Salingaros on Gomez-Davila

Dear Friedrich --

I was so taken by the aphorisms of Nicolas Gomez-Davila that I asked Nikos Salingaros, who turned them up and translated some of them, if we could run his piece about Gomez-Davila on 2Blowhards. Nikos graciously agreed. So it's my pleasure to present his introduction and translations.


Annotations on an Implicit Text

The work of Nicolas Gomez-Davila

By Nikos A. Salingaros
Many persons of letters today consider the Colombian philosopher Nicolas Gomez-Davila (1913-1994) as one of the foremost intellectuals of our time. His work consists exclusively of brief comments, or aphorisms, which he called "Notes on the margins of an implicit text". Gomez-Davila published three different books (a total of five volumes) of aphorisms in Spanish. To the best of my knowledge, none of his work is available in English. My own interest in this comes from the extraordinary comments on artistic, architectural, and urban matters that Gomez-Davila's work contains, mixed in with observations about politics, religion, tradition, culture, and society.

Until the literary world turns its long-overdue attention to the aphorisms of Gomez-Davila, I would like to make a few of his comments available to a general readership. Admitting at once that I am by no means qualified to present a scholarly translation of one of our age's great literary and philosophical figures, I have tried to do the best job possible. My selection of which texts to translate is motivated by questions of contemporary architecture and urbanism, and their underlying philosophical underpinnings.

I need to warn the reader that Nicolas Gomez-Davila was unashamedly conservative, even reactionary. His political views do not concern me, but they do color his opinions on architecture and urbanism. They also go hand-in-hand with his deep religious convictions. Admirers of his writings have suggested that his political leanings were responsible for the neglect that his work received during his lifetime. I am presenting his work not for its political value, but for the insights it offers into humankind, society, and history.

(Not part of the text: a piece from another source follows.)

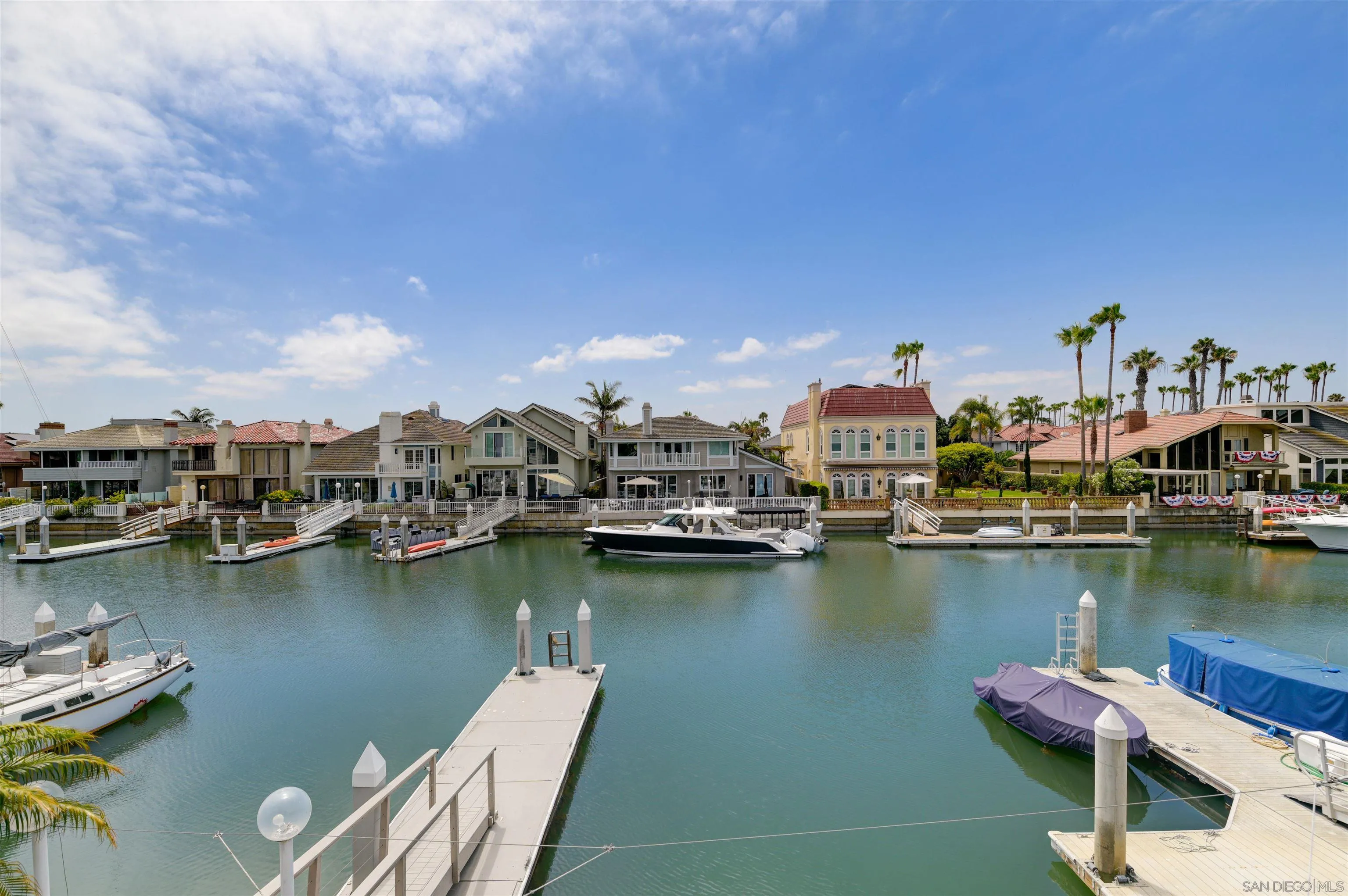 https://cdn.realtyfeed.com/cdn/127/260016380/a228be217781860f0d53970fec3eab08.webp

Gomez-Davila's aphorisms have been published as follows:

[1] Nicolás Gómez Dávila: Escolios a un Texto Implícito, Volumes I & II, Bogotá, 1977.

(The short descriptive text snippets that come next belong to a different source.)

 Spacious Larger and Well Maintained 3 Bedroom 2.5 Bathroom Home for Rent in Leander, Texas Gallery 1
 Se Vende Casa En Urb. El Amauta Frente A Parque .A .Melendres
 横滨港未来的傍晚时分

[2] Nuevos Escolios a un Texto Implícito, Volumes I & II, Bogotá, 1986.

[3] Succesivos Escolios a un Texto Implícito, Bogotá, 1992. Reprinted, Barcelona, 2002.

Escolios a un Texto Implícito: Selección, a selection by Rosa Emilia Gómez de Restrepo from [1], [2], and [3], Bogotá, 2001.

In Margine a un Testo Implicito, Italian translation by Lucio Sessa of a selection by Franco Volpi from [1], Milano, 2001.

Les Horreurs de la Démocratie, French translation of [1] by Michel Bibard, Monaco, 2003.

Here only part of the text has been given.